Has the club missed a trick by not addressing this glaring issue that has now presented itself in a daunting manner?
In a word, no. It was and will always be unlikely to assume that a player in the squad is going to be injured for a long time. A point many fans argue at this situation of slight turmoil is that the club already has a senior centre-back less than what they had last season (4).
Especially after the disastrous showing over the weekend at Carrow Road, the residual defenders failed to leave a mark in the game which led to City’s first loss in over 200 days in the Premier League. In addition to that, John Stones’ seemingly repetitive habit of being deemed unfit is creeping up to Manchester City fans and adding fuel to the fire to a fanbase who have now become accustomed to success. His loss means that the club is without a centre-back pairing in an already challenging league, one in which competitors Liverpool are 5 points ahead at the top.

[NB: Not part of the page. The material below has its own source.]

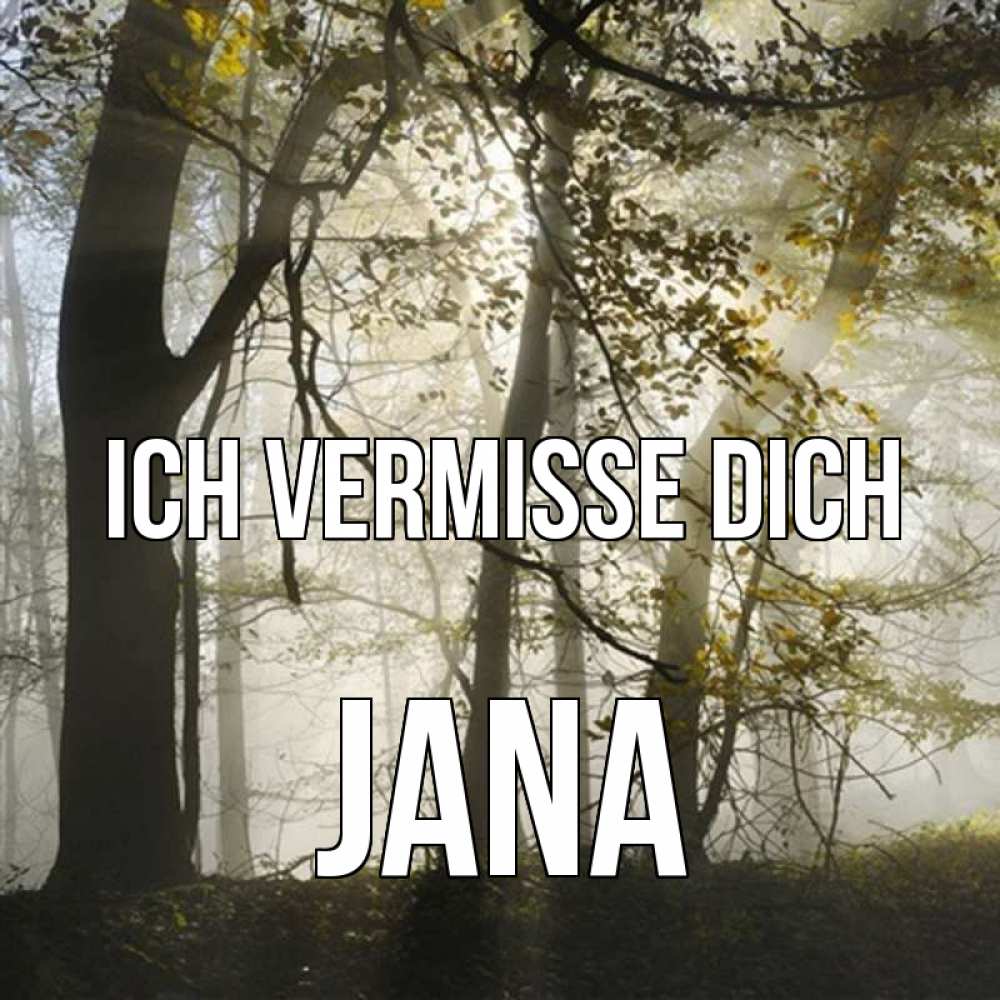 Открытка на каждый день с именем, Jana Ich vermisse dich грустно Прикольная открытка с пожеланием онлайн скачать бесплатно 
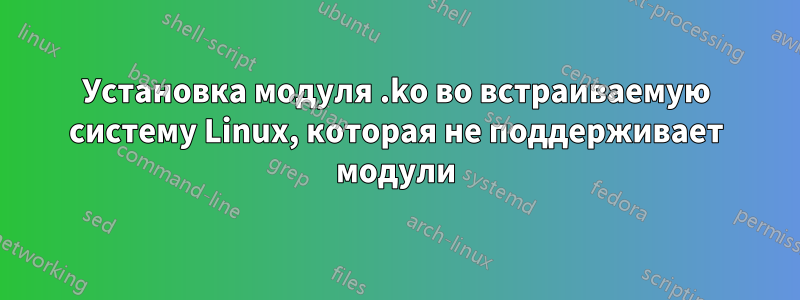 Установка модуля .ko во встраиваемую систему Linux, которая не поддерживает модули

Contrary to popular belief, Fernandinho had already been implemented as a centre-back option back in June. His presence as a centre-back also facilitated the signings of Ilkay Gundogan (a four-year extension) and Rodri from Atletico Madrid. Both signings made for the holding midfield position should have been indicative of a vacated position in the #6 role.
It was quite unfortunate to lose out two central defenders in quick succession, but the truth is, City already had four centre-backs, to begin with in the new season, much like the previous season. His role would be akin to that of Javier Mascherano and Javi Martinez who blossomed into brilliant centre-backs for Pep Guardiola despite being defensive-midfielders by trade.
“I’ve been training in this position since the start of the season. Pep knows all about our squad and team. Today was my opportunity and I hope I can improve more.” – Fernandinho in the post-match interview after City beat Shakhtar Donetsk 0-3.
A professional and mature performance for City in the Champions League brought back the sense of calm and control you would normally associate with the champions. After a 3-2 loss to Norwich City, Fernandinho’s leadership and defensive nous would be a breath of fresh air to Pep and his side, a comfort in the coming months with the absence of their best defender Aymeric Laporte in mind. Hope still remains that the squad is more than capable of retaining the Premier League trophy and push for their first-ever Champions League triumph.
For cover, Guardiola confirms Rodri and Kyle Walker have been shortlisted to fill in for any mishaps in the central defensive positions. Academy players Taylor Harwood-Bellis and Eric Garcia could deputise, furthering City’s progress on all fronts as a club. Especially in a field where they have visibly faltered over the past few years, it would be a huge step in the right direction for the youth project for which the football group has invested heavily in.